[AVAILABLE DATA]
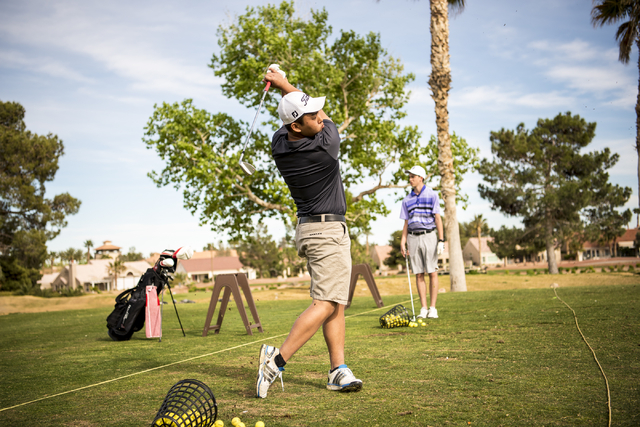 Desert Oasis golf team member Syouta Wakisaka swings during practice at Palm Valley Golf Cou ...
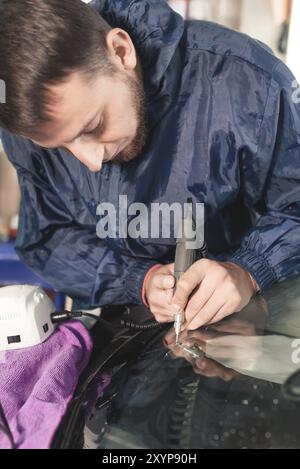 Nahaufnahme von Autoverglasungsarbeitern, die eine Windschutzscheibe oder Windschutzscheibe eines Autos an einer Werkstattwerkstatt reparieren und reparieren. Bohren Sie das Glas für die Reparatur Stockfoto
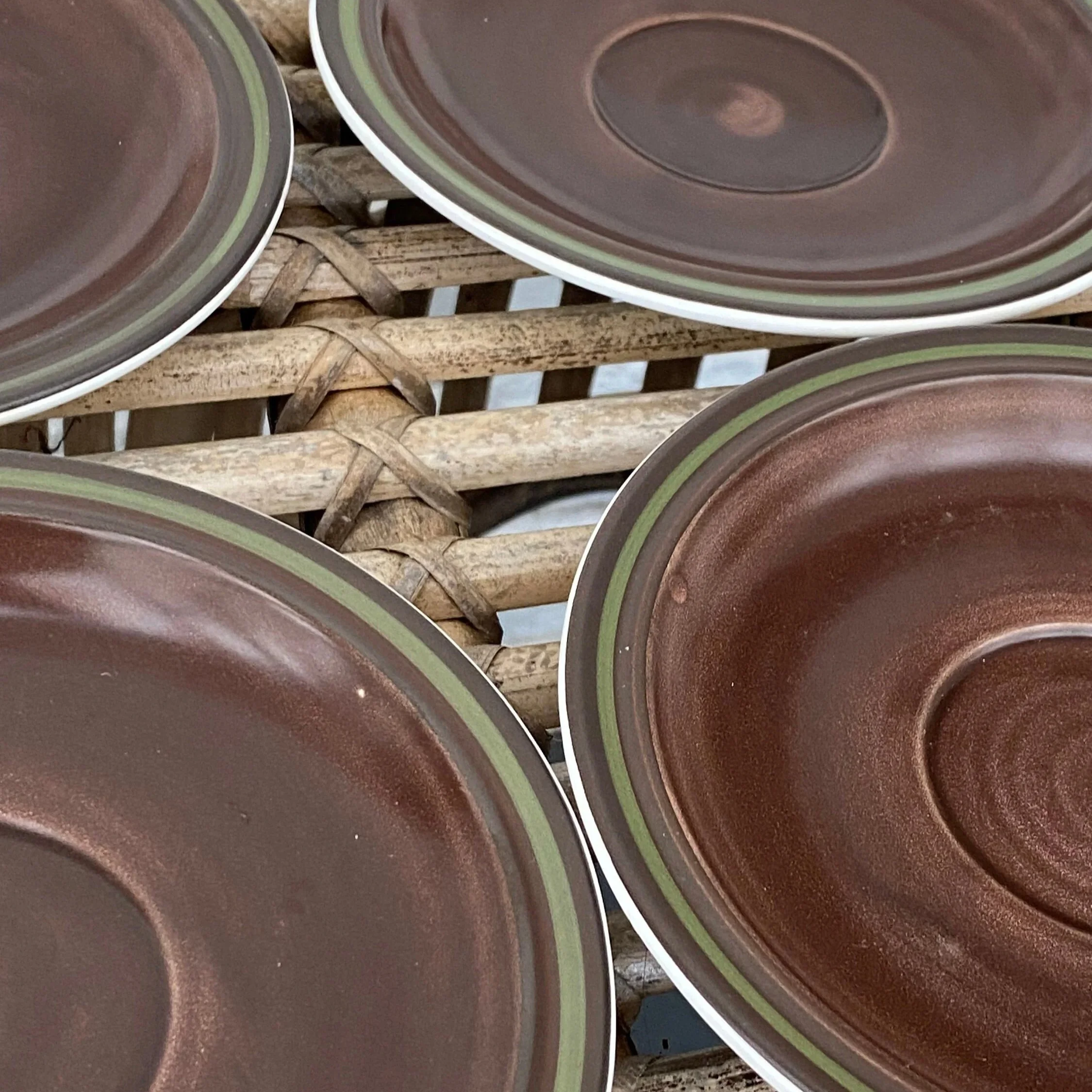 Close-up of brown Electra saucers showing olive green rim and glossy glaze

[TASK TO COMPLETE] Copy out the listing word for word and skip its pictures.

[YOUR SOLUTION]
 Desert Oasis golf team member Syouta Wakisaka swings during practice at Palm Valley Golf Cou ...
 Nahaufnahme von Autoverglasungsarbeitern, die eine Windschutzscheibe oder Windschutzscheibe eines Autos an einer Werkstattwerkstatt reparieren und reparieren. Bohren Sie das Glas für die Reparatur Stockfoto
 Close-up of brown Electra saucers showing olive green rim and glossy glaze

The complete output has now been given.